Der Grünen-Politiker Konstantin von Notz nannte das Gesetz dagegen verfassungswidrig. "Unsere Verfassung, die Grund- und Menschenrechte, sie sind kein Störfaktor beim Kampf gegen den Terrorismus, sondern sie sind die Grundlage dafür", betonte er. Die Bundesregierung ziehe mit dem Gesetz eben nicht die Konsequenzen aus der NSA-Affäre. "Deswegen prophezeie ich Ihnen: Dieses Gesetz wird vor dem Europäischen Gerichtshof und vor dem Bundesverfassungsgericht scheitern." Wie von Notz kritisierte auch die Linken-Politikerin Renner die Filter, die eine Überwachung der Telekommunikation deutscher Bürger verhindern sollen. Sie seien nicht zuverlässig, so dass auch Emails und Telefonate von Deutschen, deren Überwachung nicht zulässig ist, dem Dienst ins Netz gehen würden, bemängelte sie.
Der CDU-Politiker Binninger erklärte, kein anderes Parlament habe in diesem Ausmaß die Konsequenzen aus der NSA-Affäre gezogen. Der Zugriff auf die Internetknotenpunkte sei nötig, um dem BND überhaupt die Chance zu geben, auf Terror-Verdächtige aufmerksam zu werden. "Wenn es um die strategisch wichtige Überwachung solcher Verkehre ging, agierte der Bundesnachrichtendienst bisher in einer völligen Dunkelkammer", kritisierte der SPD-Abgeordnete Christian Flisek. Zudem verankere das Gesetz den Schutz von EU-Bürgern und europäischen
Einrichtungen vor Überwachung durch den BND und stelle sie damit deutschen Bürgern gleich. Auch Wirtschaftsspionage werde dem Dienst ausdrücklich verboten.
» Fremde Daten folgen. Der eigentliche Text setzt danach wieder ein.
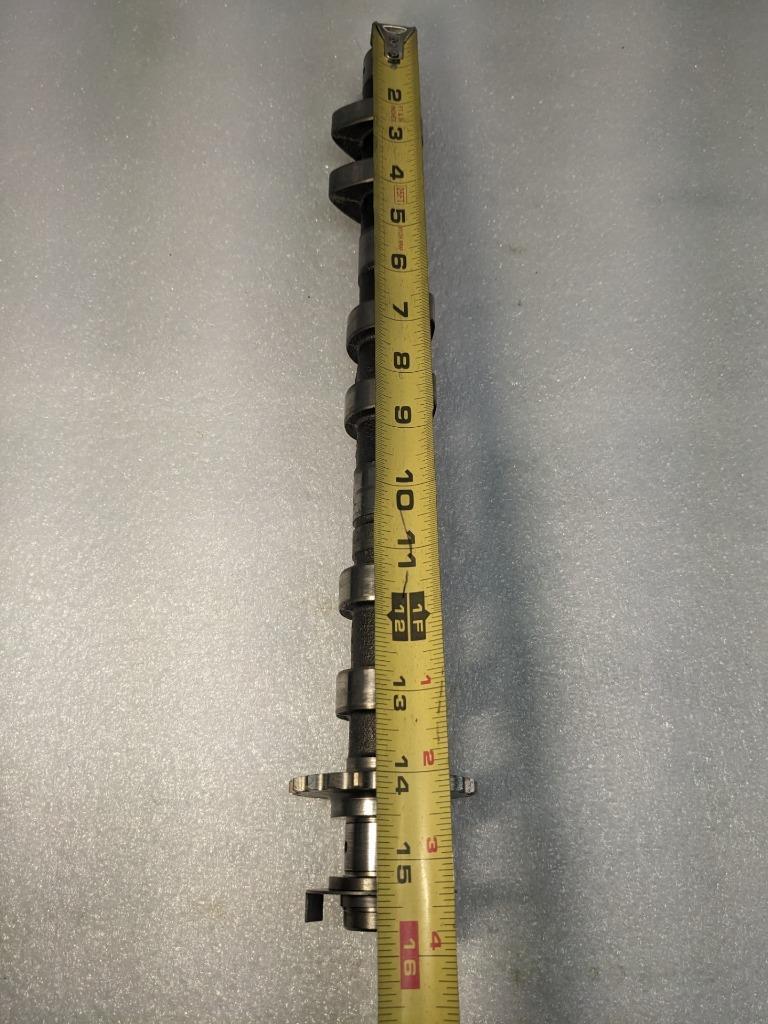 PORSCHE 996 BOXSTER CAMSHAFT 21-SPLINE 99622186815 USED 996B.G.L.2T1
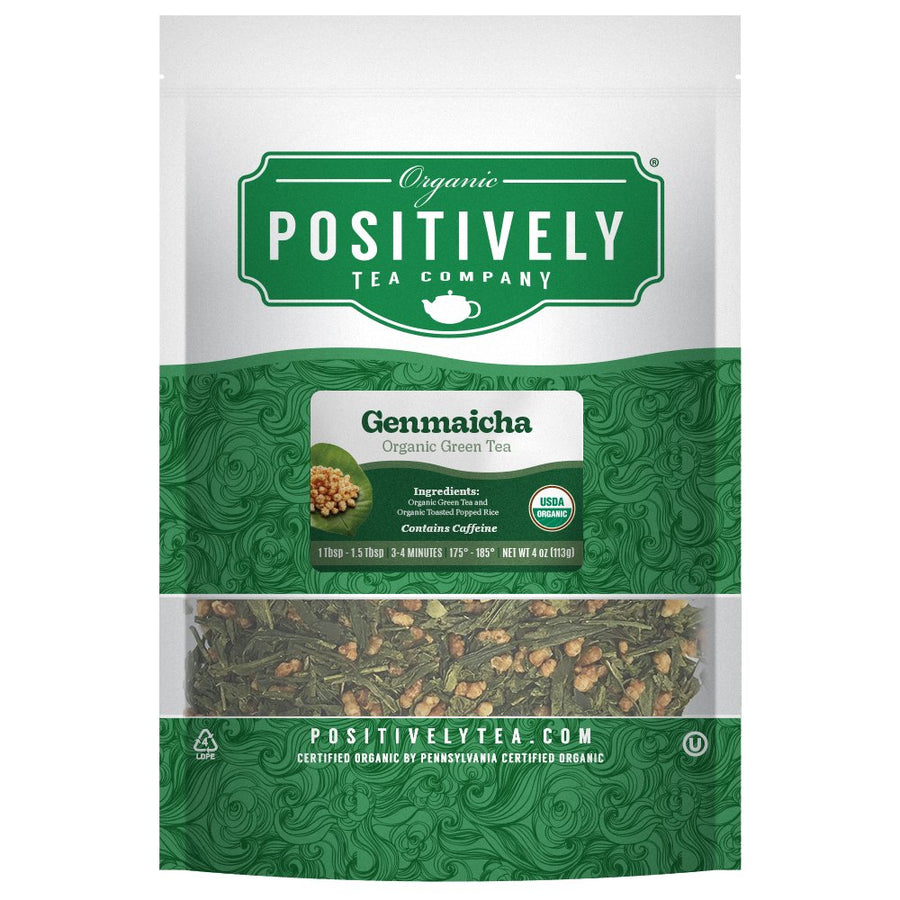Genmaicha - Loose Leaf Tea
Kooperationsvereinbarungen mit anderen Nachrichtendiensten müssten künftig dem Parlamentarischen Kontrollgremium des Bundestags vorgelegt werden.
Internet-Verband kritisiert Wegfall von 20-Prozent-Grenze
Der Betreiber des weltgrößten Internetknotenpunkts DE-CIX in Frankfurt hatte im September beim Bundesverwaltungsgericht Leipzig Klage gegen die Bundesregierung eingereicht. Das Unternehmen bezweifelt, dass der Zugriff des BND auf den Internetknoten rechtmäßig ist. "Wir wollen eine gerichtliche Klärung und insbesondere Rechtssicherheit für unsere Kunden und unser Unternehmen", erklärte die DE-CIX Management GmbH. Bisher durfte der BND nach dem sogenannten G10-Gesetz höchstens 20 Prozent der Datenströme einer Leitung überwachen.
Der Verband der Internetwirtschaft (eco) kritisiert, dass sich diese Beschränkung in dem neuen Gesetz nicht mehr findet. Damit werde grünes Licht für eine Komplettüberwachung des Internets gegeben. "Bisher gibt es eine Limitation von 20 Prozent dieser einen Leitung", sagte Klaus Landefeld von eco Reuters TV. Jetzt richte sich die Überwachung auf das ganze Netz, jedes Limit falle weg. "Man hat in die Gesetzesbegründung tatsächlich reingeschrieben, das einzige Limit ist das Budget des Dienstes, weil mit dem Budget des Dienstes könne man nur einen kleinen Teil der Kommunikation überwachen."
Ein wesentlicher Auslöser für die BND-Reform war die NSA-Affäre, mit der die Ausspähung europäischer Konzerne und Beamter durch den deutschen Dienst im Auftrag der NSA bekannt wurde. Künftig darf der BND die Kommunikation von Einrichtungen der Europäischen Union (EU), von EU-Staaten sowie einzelner EU-Bürger nur noch in bestimmten Fällen überwachen, etwa bei Verdacht auf Terrorismus, Waffenschmuggel, Schleusung oder wenn eine andere besondere Relevanz für die Sicherheit Deutschlands besteht.